- A Rússia afirmou que os EUA descumpriram acordos firmados entre Vladimir Putin e Donald Trump na cúpula de Anchorage, no Alasca, em agosto passado.
- Em três dias, três autoridades russas de alto escalão disseram que Washington não cumpriu o prometido, sem detalhar o que foi acordado.
- As acusações ocorrem após ataques com drones ucranianos na Rússia, incluindo uma refinaria em Moscou, e após a cúpula do G7 com Zelensky dizendo que Kiev está revertendo o rumo da guerra.
- Moscou continuastingindo ataques próprios e cita o “espírito de Anchorage”, sugerindo que Trump seria mais simpático à exigência russa pela cessação de batalhas em outras regiões if Donbas.
- Lavrov disse que a cúpula pode ter sido uma manobra dos EUA para ganhar tempo; Ryabkov afirmou que o diálogo com Washington deve continuar, ainda que haja alinhamento com políticas anti-russas de aliados.
A Rússia afirmou que os Estados Unidos descumpriram os acordos firmados entre Vladimir Putin e Donald Trump durante uma cúpula no Alasca, em agosto do ano passado. A alegação aponta para um possível descompasso entre as partes após a reunião histórica.
Ao longo de três dias, três altas autoridades russas afirmaram, sem detalhar, que Washington não cumpriu o prometido. As declarações ocorreram em meio a uma escalada de ataques com drones da Ucrânia contra território russo, incluindo uma refinaria em Moscou, na semana anterior.
Contexto e reações
Kremlin e autoridades russas associam o distanciamento americano ao que chamam de “espírito de Anchorage”, termo que remete à principal exigência russa: que a Ucrânia ceda toda a região de Donbas em troca de congelamento dos conflitos. O tema ganha força após a cúpula do G7.

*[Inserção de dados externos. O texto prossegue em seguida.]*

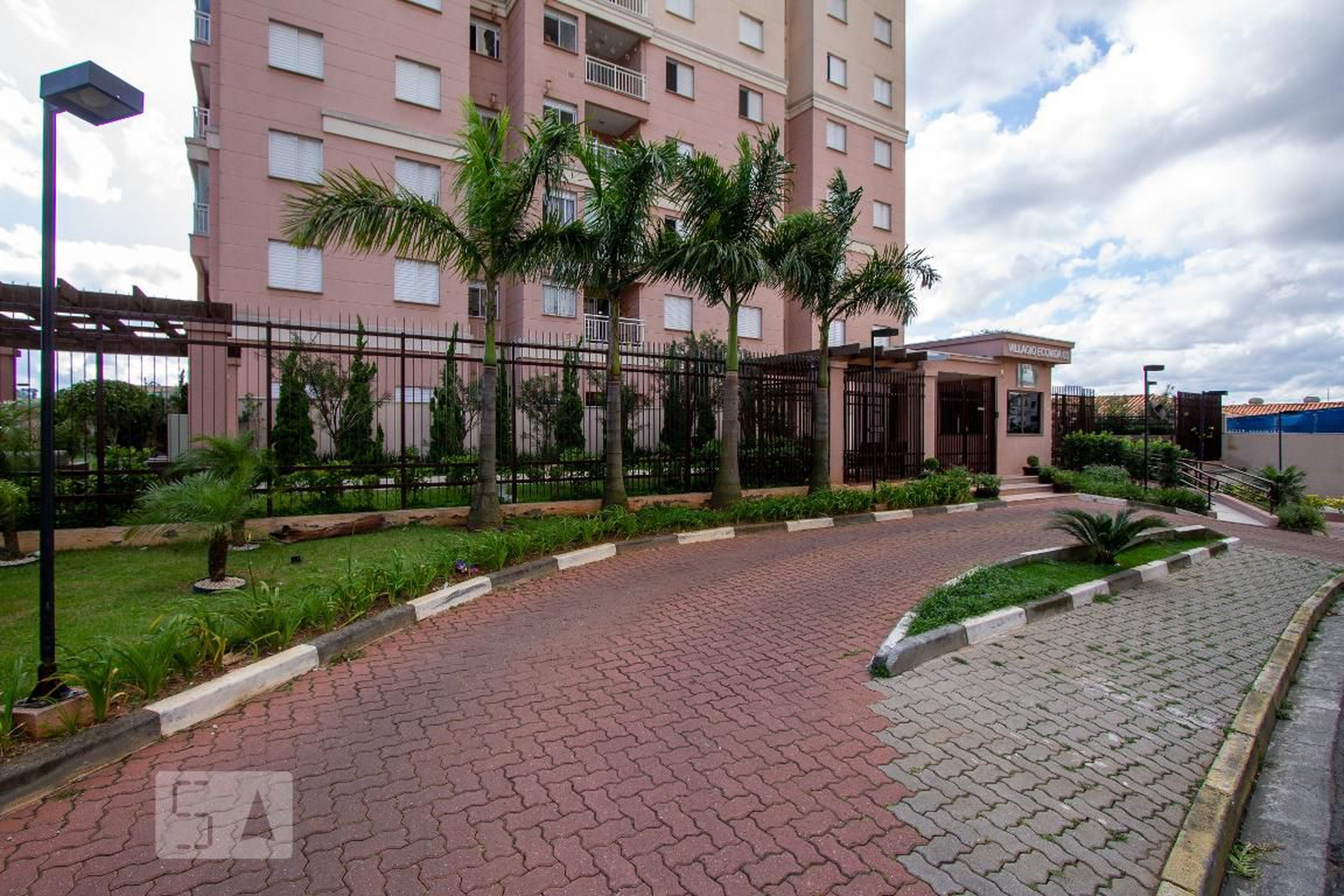 Fachada do Condomínio Condomínio Villagio Ecovida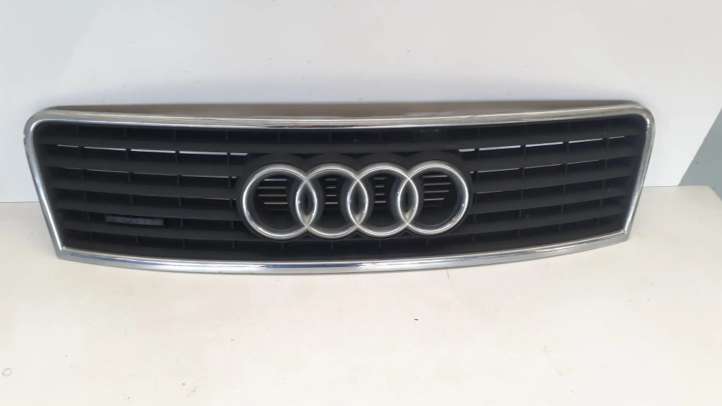 4B0853651F Audi A6 S6 C5 4B Grotelės viršutinės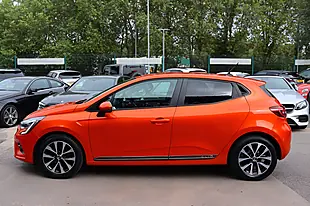 Used 2020 Renault Clio Iconic Valencia Orange - Interior and Exterior details 20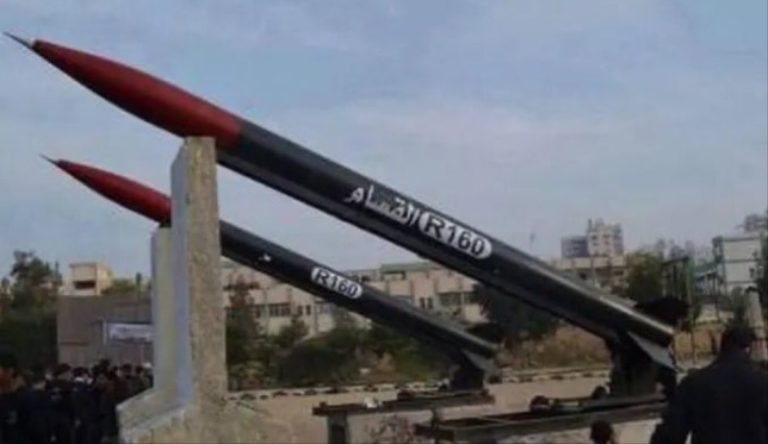 “القسام” تُطلق صواريخ من لبنان..  ودوي إنفجارات في حيفا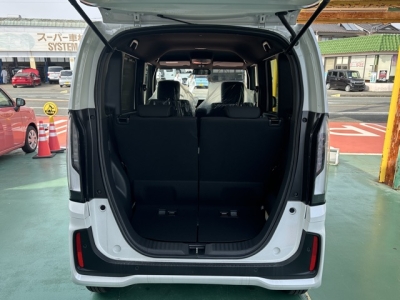 新型N-BOX(ホンダ)届出済未使用車 内外装写真他１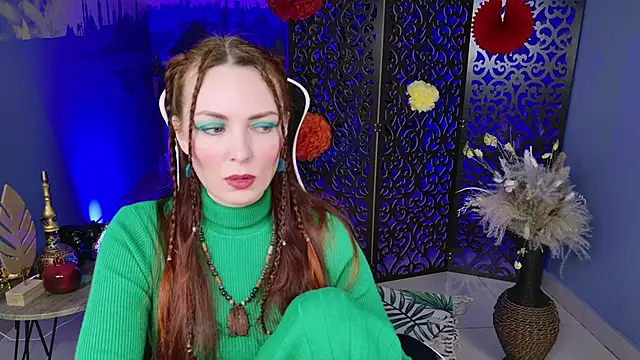 Snapshot of VandaRossi chatting on 02-26-25, 08:15 VandaRossi online show from 02-26-25, 08:15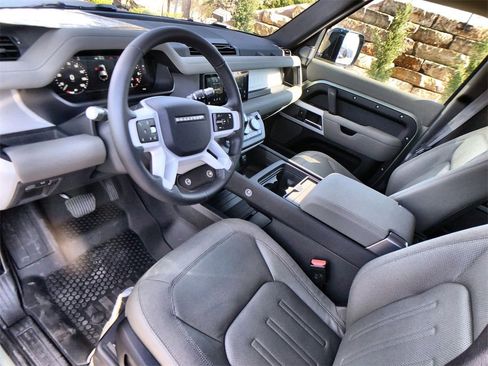 Certified 2021 Land Rover Defender 110 SE image 14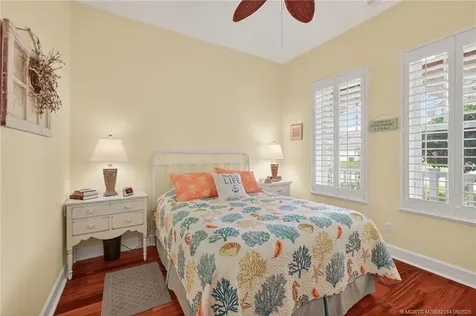 548 NE Canoe Park Circle Port St Lucie FL 34983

Pouco depois, sinais de frustração aumentaram. Em janeiro, Trump sugeriu que a Ucrânia poderia recapturar territórios, o que gerou reação de Moscou. O assessor do Kremlin Yuri Ushakov indicou que apenas um lado manteve fidelidade aos acordos, enquanto o outro não cumpriu.
O chanceler Sergei Lavrov afirmou que a cúpula pode ter sido uma manobra dos EUA para ganhar tempo e rearmar Kiev. O vice-ministro Sergei Ryabkov criticou o afastamento de Washington de entendimentos do Alasca, ressaltando a continuidade do diálogo com os EUA.